The new employee orientation process is commonly known as “onboarding.”
Your business should make every effort during onboarding to make new hires feel welcomed prepared for a productive future with the company.
There are four concepts to understand what makes onboarding a success—for both the new worker and the company:
First off, beginning the onboarding process should be to familiarize new hires with the corporate family. Getting to know the people in the office could help prevent embarrassing situations—such as the new employee who asks a stranger to help with the copier, only to discover later that the stranger was the CEO.
For new hires, the first few days will be filled with uncertainty. Think about your first days at a new job—filled with a combination of endless questions and unbridled enthusiasm. Make the effort to make the first period engaging, painless, fun and as easy as possible.
By fostering positive feelings throughout the onboarding process, chances that the employee will stay motivated will increase significantly. New employees want to do a good job, making it simple will allow them to do so.

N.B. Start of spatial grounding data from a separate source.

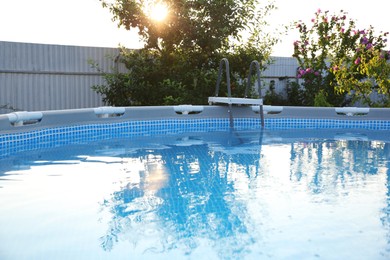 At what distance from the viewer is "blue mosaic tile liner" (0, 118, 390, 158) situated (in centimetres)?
582

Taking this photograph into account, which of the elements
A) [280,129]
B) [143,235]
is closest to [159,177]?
[143,235]

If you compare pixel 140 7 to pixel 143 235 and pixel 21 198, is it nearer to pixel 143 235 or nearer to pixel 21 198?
pixel 21 198

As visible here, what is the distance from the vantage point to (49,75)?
30.0 feet

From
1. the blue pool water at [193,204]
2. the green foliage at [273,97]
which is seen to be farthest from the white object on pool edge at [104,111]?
the green foliage at [273,97]

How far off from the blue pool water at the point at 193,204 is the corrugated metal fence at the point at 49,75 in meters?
3.52

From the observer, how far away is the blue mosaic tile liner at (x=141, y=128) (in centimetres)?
582

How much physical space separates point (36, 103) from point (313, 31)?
612 cm

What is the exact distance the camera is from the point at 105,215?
2.98 meters

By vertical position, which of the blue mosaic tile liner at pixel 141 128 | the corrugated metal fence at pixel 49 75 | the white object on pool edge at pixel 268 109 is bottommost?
the blue mosaic tile liner at pixel 141 128

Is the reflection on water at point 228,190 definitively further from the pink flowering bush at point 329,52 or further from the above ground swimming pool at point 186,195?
the pink flowering bush at point 329,52

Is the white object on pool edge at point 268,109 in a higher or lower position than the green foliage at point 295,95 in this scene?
lower

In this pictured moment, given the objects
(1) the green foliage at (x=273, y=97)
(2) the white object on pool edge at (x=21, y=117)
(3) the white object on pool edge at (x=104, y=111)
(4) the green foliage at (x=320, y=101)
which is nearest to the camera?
(2) the white object on pool edge at (x=21, y=117)

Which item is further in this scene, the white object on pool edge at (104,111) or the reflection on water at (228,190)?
the white object on pool edge at (104,111)

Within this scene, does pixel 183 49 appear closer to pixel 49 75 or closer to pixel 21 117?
pixel 49 75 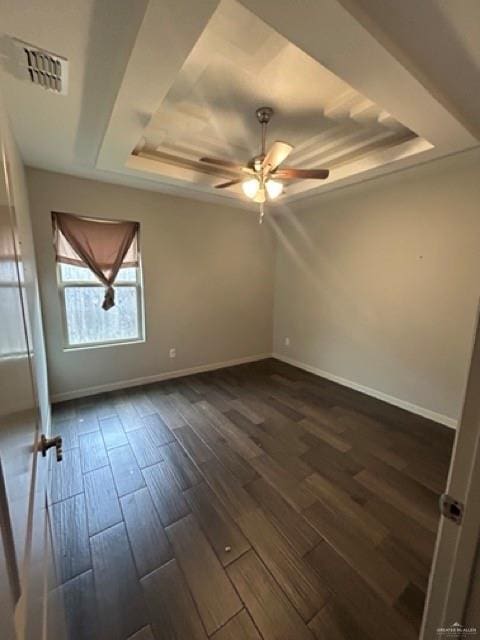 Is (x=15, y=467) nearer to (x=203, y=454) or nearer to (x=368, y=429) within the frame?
(x=203, y=454)

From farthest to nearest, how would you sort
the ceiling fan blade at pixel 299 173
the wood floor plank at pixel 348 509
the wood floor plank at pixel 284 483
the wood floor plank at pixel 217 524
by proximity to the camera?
the ceiling fan blade at pixel 299 173 → the wood floor plank at pixel 284 483 → the wood floor plank at pixel 348 509 → the wood floor plank at pixel 217 524

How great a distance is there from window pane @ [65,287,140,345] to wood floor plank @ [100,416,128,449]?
3.51 ft

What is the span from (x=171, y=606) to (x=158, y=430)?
147 cm

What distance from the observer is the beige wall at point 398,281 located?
2605mm

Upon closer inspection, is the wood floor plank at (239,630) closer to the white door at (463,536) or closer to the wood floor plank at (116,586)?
the wood floor plank at (116,586)

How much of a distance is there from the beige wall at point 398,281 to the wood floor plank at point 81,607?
8.98 feet

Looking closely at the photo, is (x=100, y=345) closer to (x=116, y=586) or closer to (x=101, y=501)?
(x=101, y=501)

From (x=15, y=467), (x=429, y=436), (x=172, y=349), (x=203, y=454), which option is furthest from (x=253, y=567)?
(x=172, y=349)

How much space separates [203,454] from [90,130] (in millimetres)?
2750

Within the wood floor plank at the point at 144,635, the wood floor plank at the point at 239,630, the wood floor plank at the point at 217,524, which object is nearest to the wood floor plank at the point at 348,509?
the wood floor plank at the point at 217,524

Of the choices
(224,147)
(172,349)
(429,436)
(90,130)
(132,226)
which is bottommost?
(429,436)

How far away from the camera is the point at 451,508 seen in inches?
26.2

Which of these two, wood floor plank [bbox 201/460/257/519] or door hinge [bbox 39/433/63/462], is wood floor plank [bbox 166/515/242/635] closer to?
wood floor plank [bbox 201/460/257/519]

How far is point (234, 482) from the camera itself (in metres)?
1.96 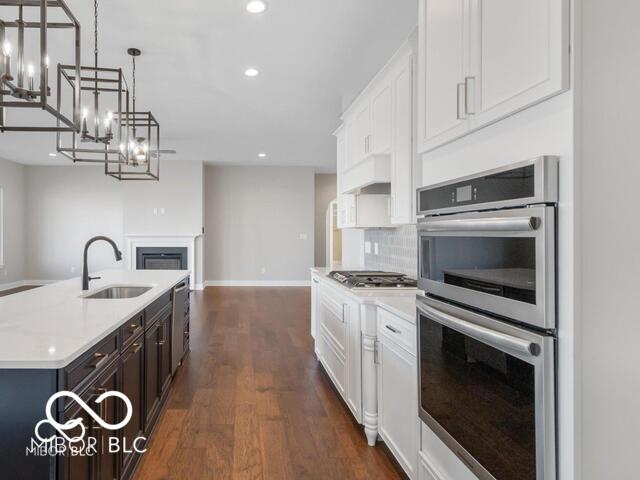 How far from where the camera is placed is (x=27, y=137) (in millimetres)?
7129

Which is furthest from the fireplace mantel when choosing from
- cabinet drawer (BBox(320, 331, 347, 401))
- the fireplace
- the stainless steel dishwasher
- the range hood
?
the range hood

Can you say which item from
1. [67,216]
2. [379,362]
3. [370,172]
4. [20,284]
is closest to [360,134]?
[370,172]

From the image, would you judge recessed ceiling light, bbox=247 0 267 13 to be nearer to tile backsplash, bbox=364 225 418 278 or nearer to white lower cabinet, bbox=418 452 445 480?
tile backsplash, bbox=364 225 418 278

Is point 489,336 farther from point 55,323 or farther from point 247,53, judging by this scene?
point 247,53

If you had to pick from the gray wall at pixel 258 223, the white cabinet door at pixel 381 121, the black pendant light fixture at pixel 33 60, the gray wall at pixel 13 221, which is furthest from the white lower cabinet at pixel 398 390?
the gray wall at pixel 13 221

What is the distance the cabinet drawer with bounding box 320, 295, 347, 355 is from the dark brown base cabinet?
1217 mm

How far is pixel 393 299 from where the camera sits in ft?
7.61

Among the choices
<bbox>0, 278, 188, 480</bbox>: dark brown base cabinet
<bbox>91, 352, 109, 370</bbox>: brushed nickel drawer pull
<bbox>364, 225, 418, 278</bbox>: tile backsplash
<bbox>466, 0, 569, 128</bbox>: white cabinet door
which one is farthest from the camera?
<bbox>364, 225, 418, 278</bbox>: tile backsplash

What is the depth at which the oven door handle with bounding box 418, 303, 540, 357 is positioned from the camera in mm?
1069

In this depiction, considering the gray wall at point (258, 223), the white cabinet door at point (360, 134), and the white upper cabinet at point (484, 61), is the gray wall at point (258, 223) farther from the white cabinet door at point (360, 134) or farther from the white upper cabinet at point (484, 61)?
the white upper cabinet at point (484, 61)

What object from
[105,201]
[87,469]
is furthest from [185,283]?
[105,201]

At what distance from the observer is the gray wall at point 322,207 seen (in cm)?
1120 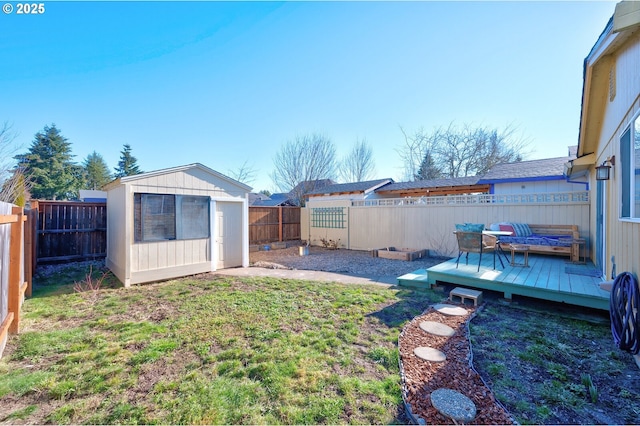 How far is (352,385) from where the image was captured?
2.19 meters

Every workplace has its own set of rules, guidelines and processes —as well as tips and tricks for getting things done. It will not benefit anyone to have him or her learn things “the hard way.”

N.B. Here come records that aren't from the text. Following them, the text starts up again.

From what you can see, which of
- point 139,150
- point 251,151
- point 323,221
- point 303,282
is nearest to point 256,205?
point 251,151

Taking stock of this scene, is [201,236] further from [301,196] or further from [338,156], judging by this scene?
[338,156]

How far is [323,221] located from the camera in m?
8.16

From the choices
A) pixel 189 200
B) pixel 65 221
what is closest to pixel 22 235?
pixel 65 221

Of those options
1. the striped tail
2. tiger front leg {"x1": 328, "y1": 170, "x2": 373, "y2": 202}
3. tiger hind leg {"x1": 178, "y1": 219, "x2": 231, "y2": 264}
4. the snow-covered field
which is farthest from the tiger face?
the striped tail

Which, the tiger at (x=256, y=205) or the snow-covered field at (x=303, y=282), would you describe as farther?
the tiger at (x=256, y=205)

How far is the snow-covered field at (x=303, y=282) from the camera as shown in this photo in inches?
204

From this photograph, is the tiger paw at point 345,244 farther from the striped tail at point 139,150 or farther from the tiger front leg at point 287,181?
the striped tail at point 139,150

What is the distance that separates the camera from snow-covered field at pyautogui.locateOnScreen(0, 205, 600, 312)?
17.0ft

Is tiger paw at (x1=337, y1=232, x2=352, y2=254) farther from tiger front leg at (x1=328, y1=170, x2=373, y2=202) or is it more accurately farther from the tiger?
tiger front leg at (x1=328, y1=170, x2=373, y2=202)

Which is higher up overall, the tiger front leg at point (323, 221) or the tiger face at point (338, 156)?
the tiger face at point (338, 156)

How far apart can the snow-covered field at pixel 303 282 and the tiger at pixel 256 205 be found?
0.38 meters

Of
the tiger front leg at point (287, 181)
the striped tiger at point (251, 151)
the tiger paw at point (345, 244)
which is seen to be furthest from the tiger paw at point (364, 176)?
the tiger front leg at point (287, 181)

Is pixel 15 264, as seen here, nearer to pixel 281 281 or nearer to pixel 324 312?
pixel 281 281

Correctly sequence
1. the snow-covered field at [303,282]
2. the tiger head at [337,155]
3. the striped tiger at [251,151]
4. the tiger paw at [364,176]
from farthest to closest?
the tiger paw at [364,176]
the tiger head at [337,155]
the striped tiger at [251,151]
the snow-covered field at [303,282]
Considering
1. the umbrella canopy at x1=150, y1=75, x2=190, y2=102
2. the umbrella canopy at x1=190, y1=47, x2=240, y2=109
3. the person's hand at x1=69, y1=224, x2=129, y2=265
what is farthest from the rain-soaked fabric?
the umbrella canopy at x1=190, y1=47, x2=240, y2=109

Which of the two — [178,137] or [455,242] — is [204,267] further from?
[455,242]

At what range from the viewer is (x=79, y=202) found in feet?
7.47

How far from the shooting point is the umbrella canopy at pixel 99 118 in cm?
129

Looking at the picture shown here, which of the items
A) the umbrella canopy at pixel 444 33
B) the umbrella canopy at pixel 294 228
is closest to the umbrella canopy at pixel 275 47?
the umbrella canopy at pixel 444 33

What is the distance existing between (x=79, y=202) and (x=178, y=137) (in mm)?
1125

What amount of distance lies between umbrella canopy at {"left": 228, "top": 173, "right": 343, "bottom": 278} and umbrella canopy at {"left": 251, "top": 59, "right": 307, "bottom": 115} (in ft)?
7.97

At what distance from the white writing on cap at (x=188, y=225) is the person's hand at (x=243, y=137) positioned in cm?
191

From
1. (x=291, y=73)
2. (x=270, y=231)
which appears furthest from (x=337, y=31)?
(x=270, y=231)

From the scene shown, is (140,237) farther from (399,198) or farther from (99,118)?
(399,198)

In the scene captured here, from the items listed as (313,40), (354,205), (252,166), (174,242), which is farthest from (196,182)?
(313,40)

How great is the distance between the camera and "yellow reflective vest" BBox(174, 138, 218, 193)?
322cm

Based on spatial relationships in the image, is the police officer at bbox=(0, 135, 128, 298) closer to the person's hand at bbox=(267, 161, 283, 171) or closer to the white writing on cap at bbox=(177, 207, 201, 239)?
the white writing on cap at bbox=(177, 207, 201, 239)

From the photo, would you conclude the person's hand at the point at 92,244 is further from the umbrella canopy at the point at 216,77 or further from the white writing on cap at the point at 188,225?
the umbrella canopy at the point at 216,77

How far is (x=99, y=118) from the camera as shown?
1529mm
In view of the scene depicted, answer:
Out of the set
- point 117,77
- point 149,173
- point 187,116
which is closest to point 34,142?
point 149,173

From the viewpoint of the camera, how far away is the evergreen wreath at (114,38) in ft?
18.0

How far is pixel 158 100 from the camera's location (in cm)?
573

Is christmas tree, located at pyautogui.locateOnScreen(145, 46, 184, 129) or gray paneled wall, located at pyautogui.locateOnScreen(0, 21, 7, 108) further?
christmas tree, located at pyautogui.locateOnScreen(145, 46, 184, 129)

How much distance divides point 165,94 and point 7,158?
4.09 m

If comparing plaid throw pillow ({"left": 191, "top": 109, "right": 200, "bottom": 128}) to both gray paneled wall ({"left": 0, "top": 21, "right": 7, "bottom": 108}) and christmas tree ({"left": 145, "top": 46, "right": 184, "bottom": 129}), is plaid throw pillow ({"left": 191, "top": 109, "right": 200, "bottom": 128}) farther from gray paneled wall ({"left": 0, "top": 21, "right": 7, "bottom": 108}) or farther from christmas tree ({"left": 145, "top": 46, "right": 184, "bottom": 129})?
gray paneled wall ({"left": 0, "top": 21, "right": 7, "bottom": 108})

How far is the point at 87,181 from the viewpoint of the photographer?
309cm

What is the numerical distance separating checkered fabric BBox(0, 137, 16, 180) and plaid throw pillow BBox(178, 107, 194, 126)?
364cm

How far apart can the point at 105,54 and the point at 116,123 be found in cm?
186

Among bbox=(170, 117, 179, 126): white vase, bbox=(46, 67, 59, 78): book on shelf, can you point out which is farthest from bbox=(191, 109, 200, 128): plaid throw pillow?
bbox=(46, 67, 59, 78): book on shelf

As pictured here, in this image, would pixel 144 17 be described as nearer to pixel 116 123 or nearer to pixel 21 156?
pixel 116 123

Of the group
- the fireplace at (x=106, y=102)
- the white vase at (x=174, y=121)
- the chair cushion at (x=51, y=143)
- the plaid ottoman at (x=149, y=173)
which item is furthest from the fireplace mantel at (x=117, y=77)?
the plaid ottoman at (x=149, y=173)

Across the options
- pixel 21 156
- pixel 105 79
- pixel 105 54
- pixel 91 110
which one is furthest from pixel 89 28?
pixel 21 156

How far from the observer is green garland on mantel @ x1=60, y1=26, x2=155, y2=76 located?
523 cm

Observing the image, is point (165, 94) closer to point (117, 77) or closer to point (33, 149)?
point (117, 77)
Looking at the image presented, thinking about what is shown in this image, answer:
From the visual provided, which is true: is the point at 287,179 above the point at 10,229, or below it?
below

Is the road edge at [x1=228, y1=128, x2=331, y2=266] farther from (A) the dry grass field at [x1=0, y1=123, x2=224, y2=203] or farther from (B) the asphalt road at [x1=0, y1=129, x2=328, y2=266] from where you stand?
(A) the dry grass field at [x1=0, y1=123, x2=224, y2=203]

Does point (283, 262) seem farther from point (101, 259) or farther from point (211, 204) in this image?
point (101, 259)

Every organization has its own set of benefits and rewards. Knowing the perks of the job adds value to them from the beginning. Have a plan for new hires to keep track of what they are eligible for, as well as knowing when to maximize them for their benefit.
Post procedures, policies and social functions in a predominant place, readily accessible to everyone. Simply telling the new hire during the hectic first few days, and it will sure to be lost in the shuffle. Develop an online resource for the pertinent information, updating it regularly so they can refer to it frequently.

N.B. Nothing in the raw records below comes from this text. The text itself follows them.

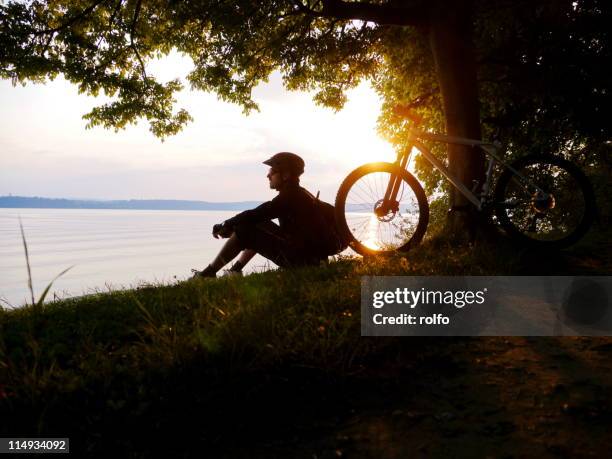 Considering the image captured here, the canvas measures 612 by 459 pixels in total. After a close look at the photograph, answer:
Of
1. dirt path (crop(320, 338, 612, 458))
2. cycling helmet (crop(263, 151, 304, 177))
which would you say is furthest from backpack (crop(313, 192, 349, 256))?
dirt path (crop(320, 338, 612, 458))

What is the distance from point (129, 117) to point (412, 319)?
1019 centimetres

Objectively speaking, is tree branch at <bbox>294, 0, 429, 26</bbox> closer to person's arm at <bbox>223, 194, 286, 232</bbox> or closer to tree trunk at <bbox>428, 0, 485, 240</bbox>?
tree trunk at <bbox>428, 0, 485, 240</bbox>

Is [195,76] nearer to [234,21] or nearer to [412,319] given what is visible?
[234,21]

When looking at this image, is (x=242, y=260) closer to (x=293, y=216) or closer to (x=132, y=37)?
(x=293, y=216)

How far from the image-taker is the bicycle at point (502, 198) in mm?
5598

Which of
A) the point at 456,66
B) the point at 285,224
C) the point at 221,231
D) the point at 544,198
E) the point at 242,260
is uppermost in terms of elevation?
the point at 456,66

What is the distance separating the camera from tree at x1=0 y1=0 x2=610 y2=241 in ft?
29.6

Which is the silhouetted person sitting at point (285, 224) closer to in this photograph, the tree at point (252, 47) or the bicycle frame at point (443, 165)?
the bicycle frame at point (443, 165)

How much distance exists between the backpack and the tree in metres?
3.46

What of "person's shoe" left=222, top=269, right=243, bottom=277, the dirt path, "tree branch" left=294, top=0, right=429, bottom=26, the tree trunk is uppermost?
"tree branch" left=294, top=0, right=429, bottom=26

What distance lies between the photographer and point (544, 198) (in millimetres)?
5492

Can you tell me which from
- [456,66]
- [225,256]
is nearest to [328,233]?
[225,256]

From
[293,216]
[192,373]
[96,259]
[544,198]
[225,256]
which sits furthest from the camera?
[96,259]

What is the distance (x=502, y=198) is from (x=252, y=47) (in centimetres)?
715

Nothing sucks the spirit out of a new hire than a first day filled with nothing but paperwork. It is not that forms are not essential; it is just that they are so impersonal and unwelcoming. Onboarding is a process that is a little different for each new hire.
Consider a buddy system for onboarding, a welcoming mentor that will help the new employee get a feel for the organization. First impressions only happen once, so now the only time to make them count.
As far as orientation paperwork, sending a welcoming email before the first day could eliminate much of the first day rush to fill out the necessary forms.
It is a fact; happy employees are more productive. You put a lot of effort into hiring the best talent, so don’t let onboarding destroy all that hard work.